Size effect is ‘fiction,’ Damodaran reiterates

BVWireIssue #225-4
June 30, 2021

cost of capital
cost of capital, discount rate, private company valuation, risk analysis, cost of equity, size effect

“There has been no size premium for the past 40 years,” said Professor Aswath Damodaran (New York University Stern School of Business), who has been called the “Dean of Valuation.” This was in response to an audience question during his keynote address at the recent CBV Institute Congress 2021.

Two camps: This is not a new remark by Damodaran—he has been saying this for years (see his 2015 post here). He is referring to ongoing academic research that concludes that the size effect has diminished or disappeared since it was first documented in 1981 (recent paper here). But the vast majority of valuation practitioners believe that the size premium exists. During a BVR webinar, a poll of the audience (of about 200 attendees) found that 94% of them use a size premium.

If the academic community says that the size effect disappeared long ago, why do valuation practitioners continue to embrace it? As Damodaran points out, one reason is the time horizon of historical returns. If you look at the last 40 years, the size effect is very different than if you go all the way back to the 1920s. You can clearly see this difference in the Cost of Capital Professional platform, which gives you control over the time horizon of historical return data that are appropriate for your subject entity. That is, professional judgment is required in choosing the part of history you believe best represents investor expectations of the future.

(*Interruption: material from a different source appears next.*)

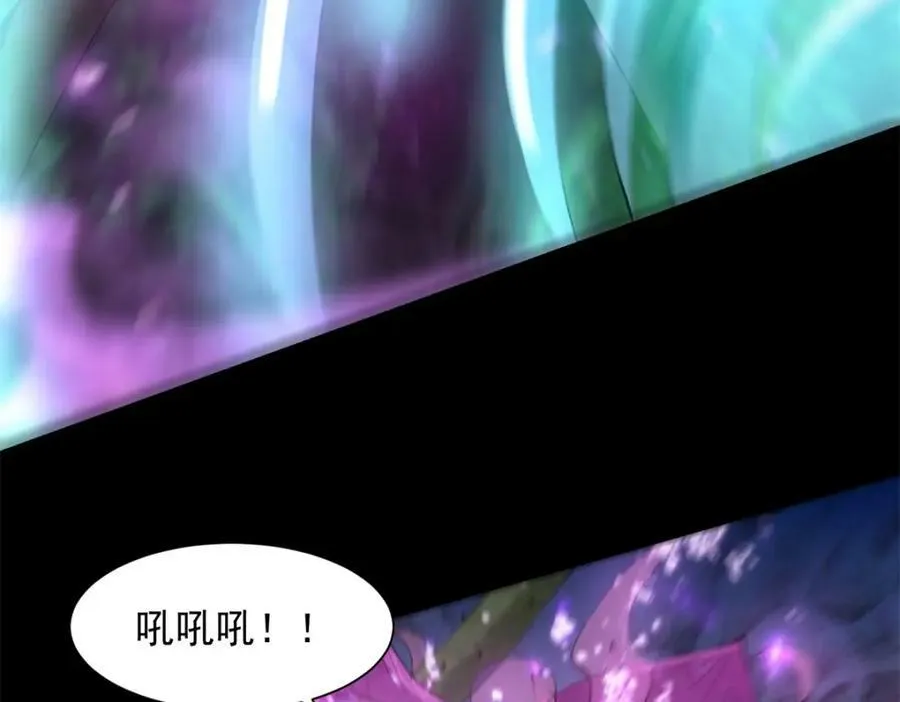 第653话 衰落之花 第78页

Damodaran points to another reason for clinging to the size effect, which is simply this: It’s easier to defend something everyone else is doing.

He also notes that the market does not seem to buy into the size effect. “After all, if the proponents of small cap premiums are right, bundling together small companies into a larger company should instantly generate a bonus, since you are replacing the much higher required returns of smaller companies with the lower expected return of a larger one. In fact, small companies should disappear from the market.”